• [What you have to do]:
Return each line of the material verbatim.

• [Provided data]:
____

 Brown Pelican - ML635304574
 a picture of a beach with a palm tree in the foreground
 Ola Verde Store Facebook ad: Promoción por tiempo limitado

____

• [Task result]:
 Brown Pelican - ML635304574
 a picture of a beach with a palm tree in the foreground
 Ola Verde Store Facebook ad: Promoción por tiempo limitado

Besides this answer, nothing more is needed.